Wednesday, April 06, 2005

Sovereignty

As an addendum to my discussions of morality and law, I wanted to say a little something about sovereignty, because I have come to conclude that individuals cannot be truly moral without it, and no society or state can be just without presuming it.

I define sovereignty as authority with culpability. For government officials, that sovereignty is limited properly to those areas necessary to protect all individuals equally. For individuals, sovereignty must be limited only by the sovereignty of others. Both aspects are necessary: authorty without culpability makes men into children, culpability without authority makes them into scapegoats.
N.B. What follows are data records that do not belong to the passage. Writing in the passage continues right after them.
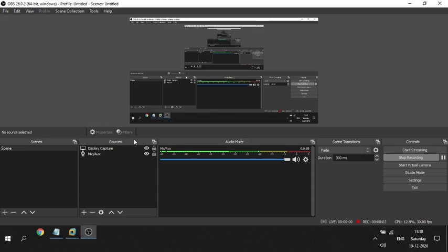Hi everyone. In this video I'm going to show you how to create an XFS file system in Linux. Let's keep the requirement as: the database team is asking for a file system named /oracle of size 200 GB.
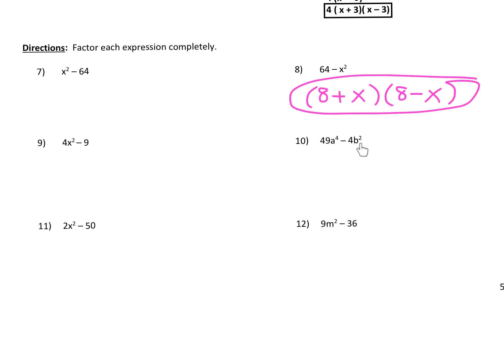Number 10. Can I factor out a greatest common factor? Well, other than 1, there's nothing that divides evenly into 49 and 4. And here we have a's, and here we have b's — two totally different variables. So we cannot factor out a greatest common factor. But what we do have is a difference of perfect squares; each of these is a perfect square.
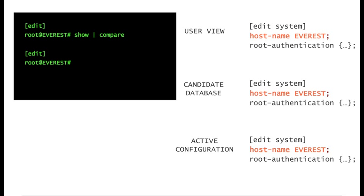In that sense, the host name change is quite unique in that you see immediately how the changes are applied. For other configuration changes, you would need to execute additional operational commands in order to verify the results of the new configuration.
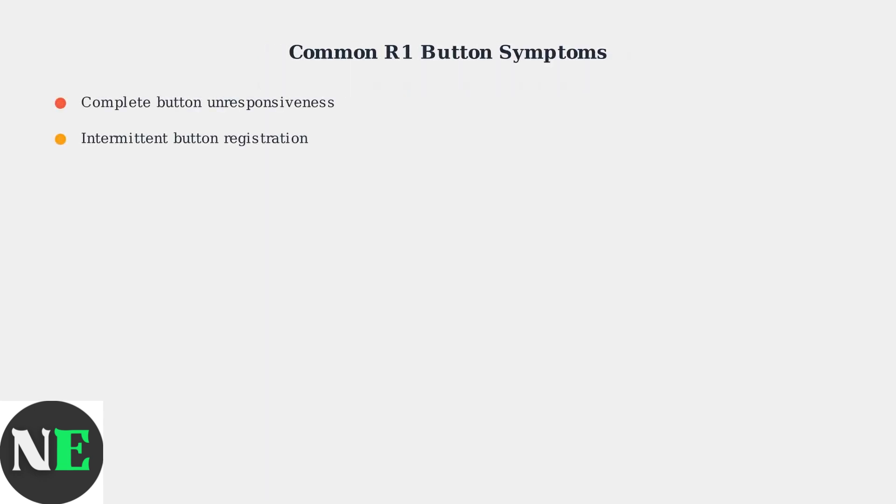R1 button issues typically manifest in four main ways. Users report complete button unresponsiveness where the button doesn't register any input at all. Others experience intermittent registration, where the button works sometimes but not consistently.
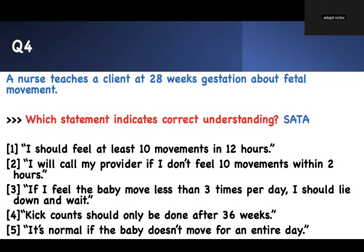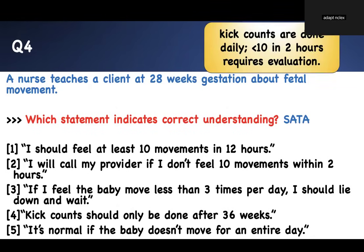Ten movements in 2 hours is the correct standard. Therefore, calling the provider if you don't feel 10 movements within 2 hours is correct. If the baby moves less than 3 times per day, you should call — not just lie down and wait. Kick counts should be done continuously, not just after 36 weeks. It is not normal if the baby doesn't move for an entire day. Only one answer is correct.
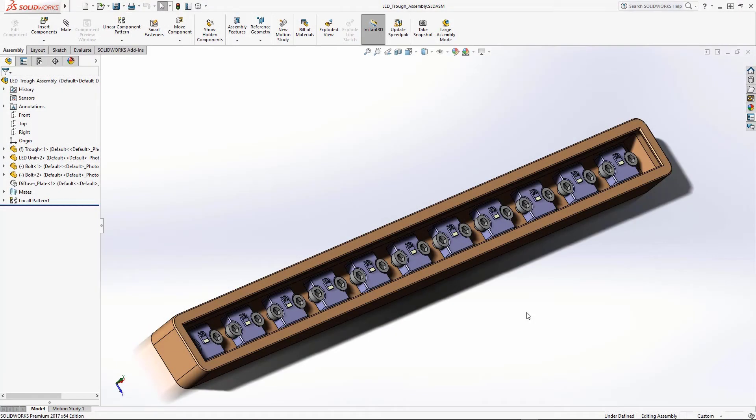Hello and welcome to the Synopsys Optical Solutions Group training series. In this video, we will demonstrate the procedure for adding array data source to a SOLIDWORKS model.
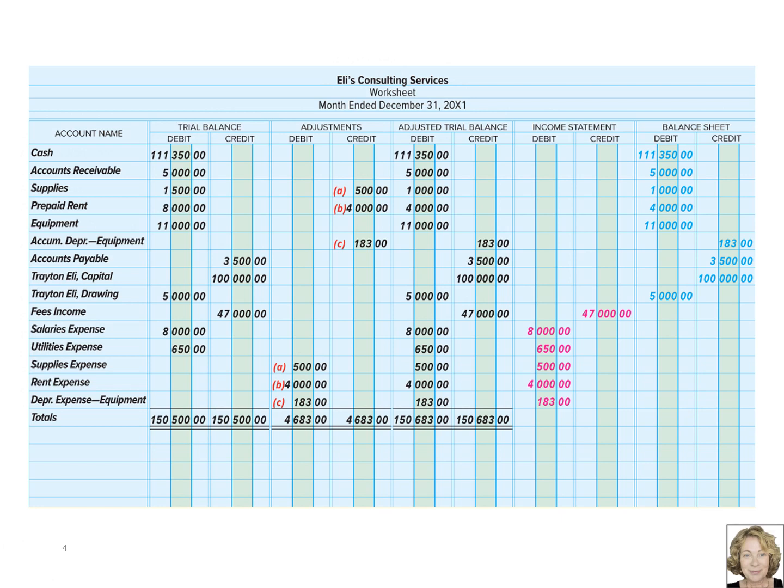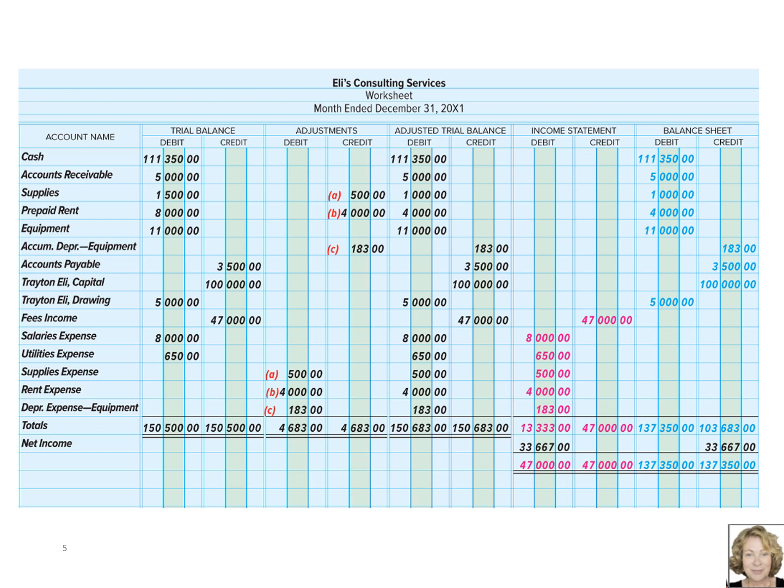The balance sheet accounts are entered into the balance sheet columns and income statement accounts are entered into the income statement columns. There's a special step at the end after you've completed the income statement and the balance sheet columns. You total the columns, but they won't equal. First, in the income statement columns, you subtract the expenses from the fees income and enter the amount into the debit column, and then you total the columns — they now balance.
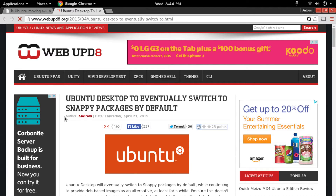They have shows like the Linux Action Show, Linux Unplugged, and a bunch of others like TechSnap, Coder Radio — a bunch of cool things about different industries that I love to watch. In their last episode of Linux Unplugged, they talked about Ubuntu and SnappyCore, and while they were talking about it, it gave me the idea to make a video about it.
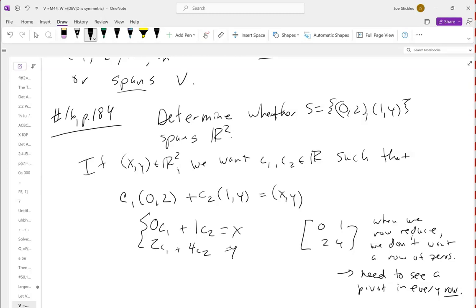In this case, all I need to do is swap row one and row two to get a one in the upper left corner. The only way to get a row of zeros would be if the two vectors were multiples of each other. Since (0,2) and (1,4) are not multiples of each other, we get a pivot in every row, and so this set spans R2.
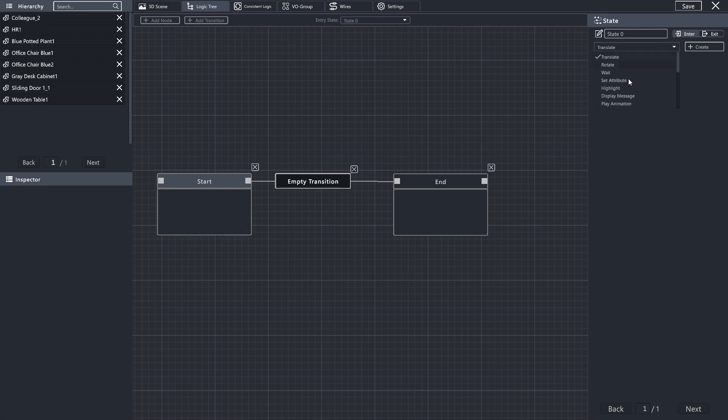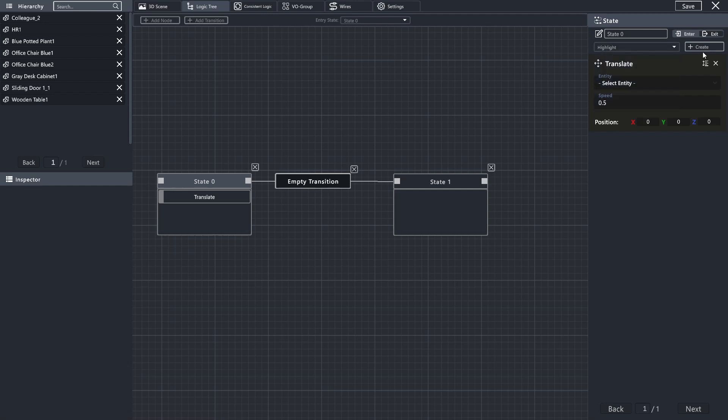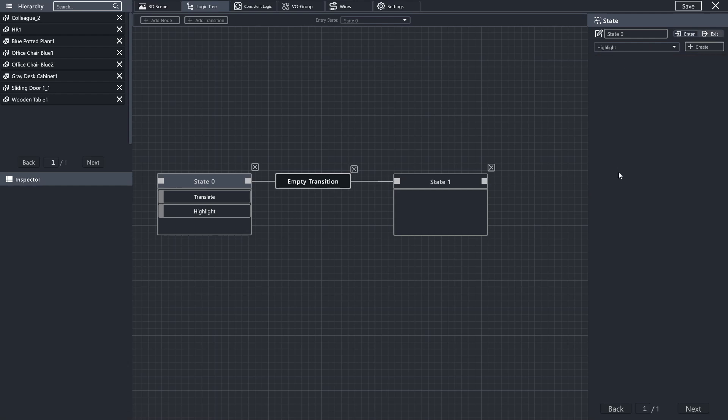In this case, you would go to your Entry tab if you want it to happen when you enter a location, or you can hit the Exit tab up here, and you can see that those actions that I created before no longer are shown.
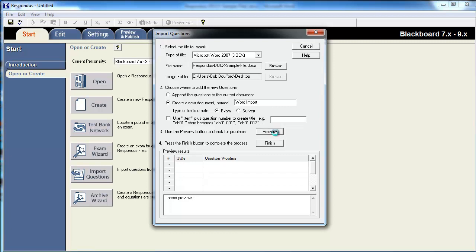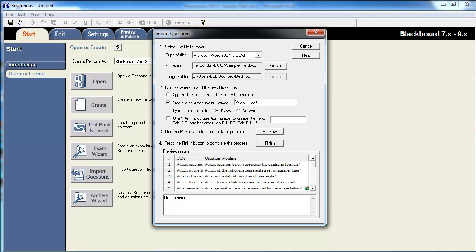Select the Preview button to check that everything is formatted correctly. There are no issues here, so we'll select Finish.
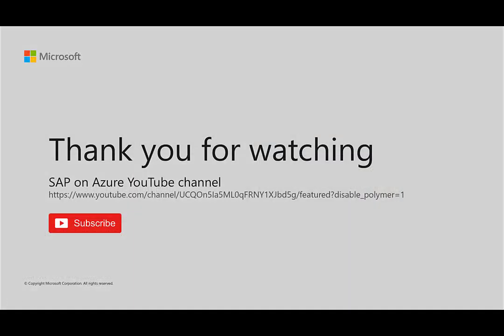To receive updates to our SAP on Azure YouTube channel, please make sure to subscribe. Thank you very much for watching.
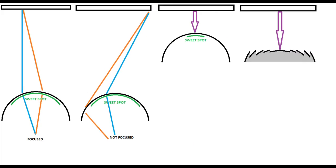Punto Dulce. Así se define la posición de las gafas virtuales en nuestros ojos en la cual obtenemos, mirando al frente como haríamos normalmente en la vida real, la mayor nitidez posible. Lograr el punto dulce es importante para una buena experiencia virtual, de ahí que colocarnos el casco virtual adecuadamente antes de empezar la sesión sea de vital importancia.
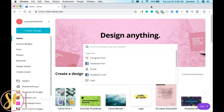Today I'm going to be showing you how I create my YouTube thumbnails using Canva. You can create them using Photoshop, but I'm not the best at Photoshop and it has a very large learning curve.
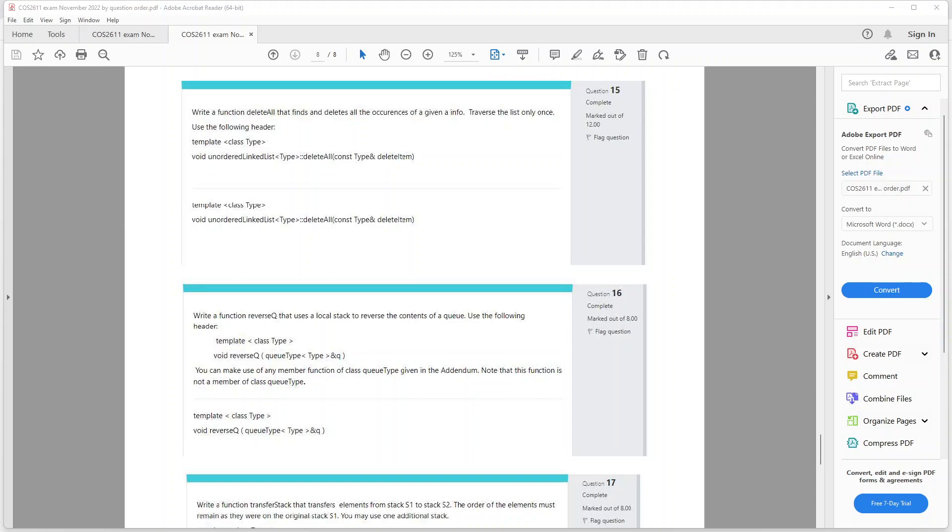Good day, today I'm going to read through the COS 2611 exam of November 2022. I'm doing question 15. It says here: write a function delete all that finds and deletes all the occurrences of a given info. Traverse the list only once.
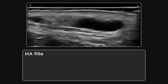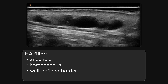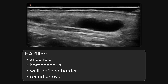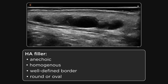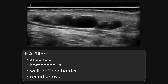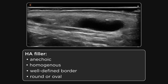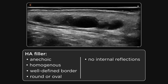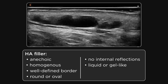This is HA. It is anechoic and homogeneous with a well-defined border. HA is usually round or oval in shape. The diameter varies according to the size of the deposit placed, but generally per deposit we expect less than 0.5 ml given the size of syringes available on the market. There are no internal reflections, and this tells us the product is liquid or gel-like.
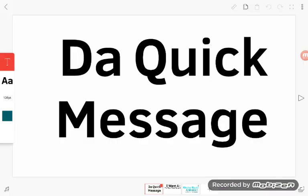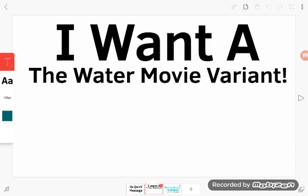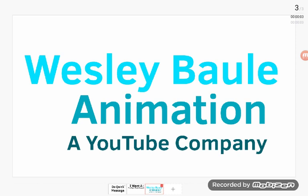Anyways, here's the point. Listen up, people. If you need any logos for your movie, I can do that. For example, let's just say you comment down in the comment section below: 'I want a Wesley Ball Animation logo in the Water Movie Variant.'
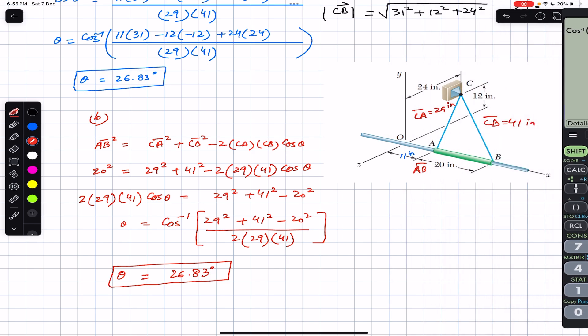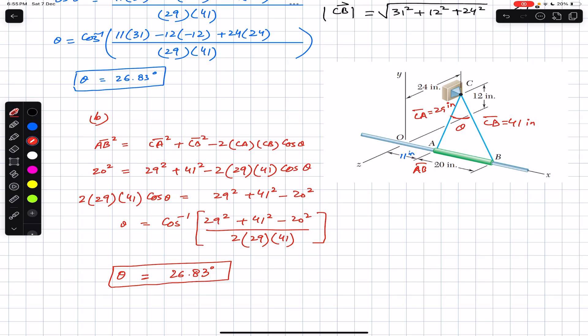So you can find the angle theta using the dot product method or by applying the law of cosines. For the law of cosines you need the magnitudes of the two vectors, and AB is given. This is how you find the angle between two given vectors. I hope this discussion helps you solve more problems from engineering statics. Do subscribe Engineers Academy for solutions of more problems from Vector Mechanics for Engineers by Beer and Johnston.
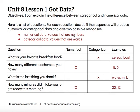Again, the objective says I can explain the difference between categorical and numerical data. Both are information that you're gathering by asking questions. But numerical data are numbers, and categorical data are words. Thanks for watching.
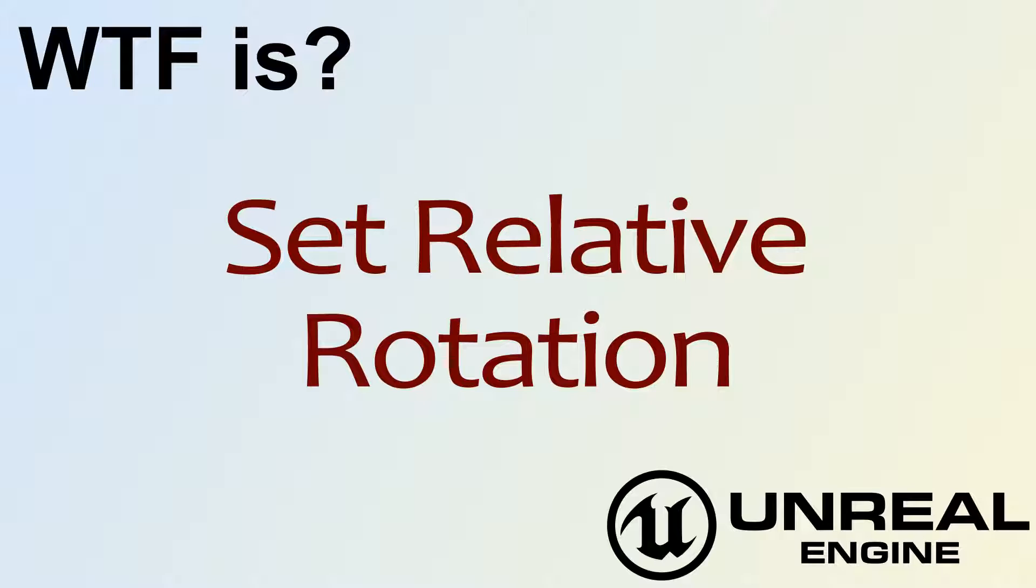Hello! Welcome to the video for What is Set Relative Rotation?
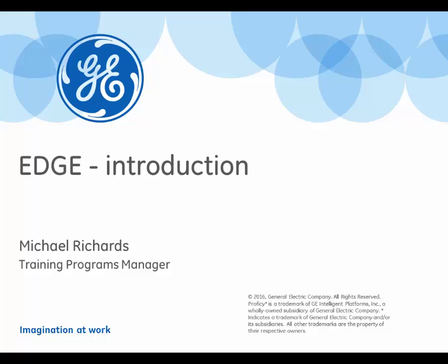Welcome to the GE Solution video series. In this episode, we'll get an introduction to the EDGE Learning Portal.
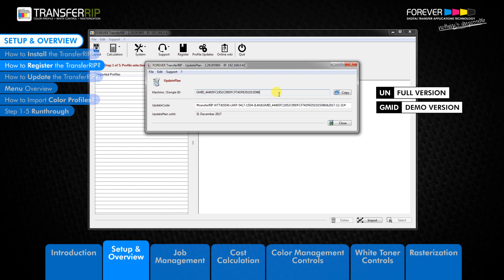Users who have purchased TransferRIB will see a UN number instead of a GMID number. The UN number comes from the connected dongle USB, which is only available with the full version of TransferRIB.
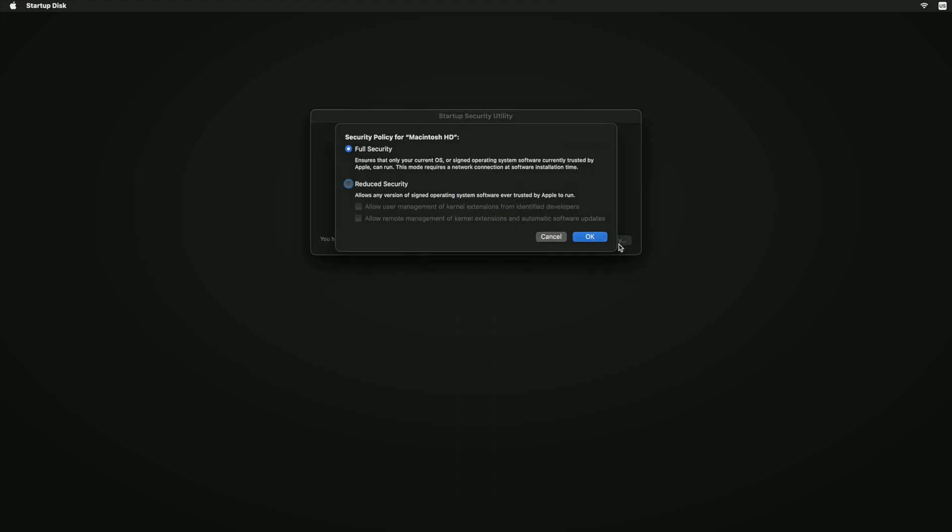Click Security Policy, select the Reduce Security option, and enter your Mac admin password if requested. Then check the Allow User Management of Kernel Extensions from Identified Developers option. This will allow the UAD software and drivers to be installed on your system.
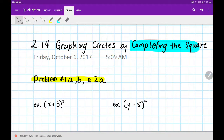Welcome back. Today we're going to complete the square in order to graph circles. The problems from the homework that we'll be doing are number 1a, b, and then number 2a. I chose these problems because they start easy, medium, and then really difficult. Stay with me, and we should be good by the end of this to be able to finish the rest of the homework.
Sovereignty means that individuals need not be questioned or second-guessed on any action: if it harms another, the action must be punished, but if not, it is the business of the actor. Sovereignty also means that individuals cannot duck or dodge their liability for the consequences of their actions. There's a certain obscurantism here, I admit: every individual is and must remain a black box, a source of action inescapably wedded to it. Insanity, trauma, PMS, or demonic possession (okay, you're right: those last two don't really exist), while interesting, do not modify the effect of an act, and therefore have no impact on the culpability of the actor. Knowledge and intent might, but we have to hold individuals to a minimum knowledge appropriate to the context: for example, if you drive a car, you must be expected to know that driving too fast, following too closely, and eating or doing anything other than driving while driving risks the lives of other drivers, cyclists, and pedestrians. And, of course, even an action that causes no harm can still have consequences in the reactions of others: a jerk has to expect that other sovereign individuals might refuse to hang out with him.

Sovereignty means that you can't expect somebody else -- or everybody else, through the government -- to bail you out when you make a bad choice. Or even, I'm sorry to say, if fate or Mother Nature shafts you. You can attempt to persuade others to assist, but you don't have the right to take or have somebody else take on your behalf property from any other sovereign individual. For example, no Social Security, Medicare, Medicaid, AFDC, or any other program that relies on forcing individuals to give money for the benefit of others.

And while we're at it, while we have the right to live, we have the right only to that life that we can sustain with our own justly acquired resources or those that other individuals have freely agreed to provide us. So, for example, the unborn baby, the fetus, has no right to take from its mother resources for its survival to term -- and no other agency has the right to compel a mother, through force or threat thereof, to continue a pregnancy for even one minute.

But y'all get the idea. Sovereignty is the central principle of personal morality and just governance -- so it'll show up again and again in my rantings.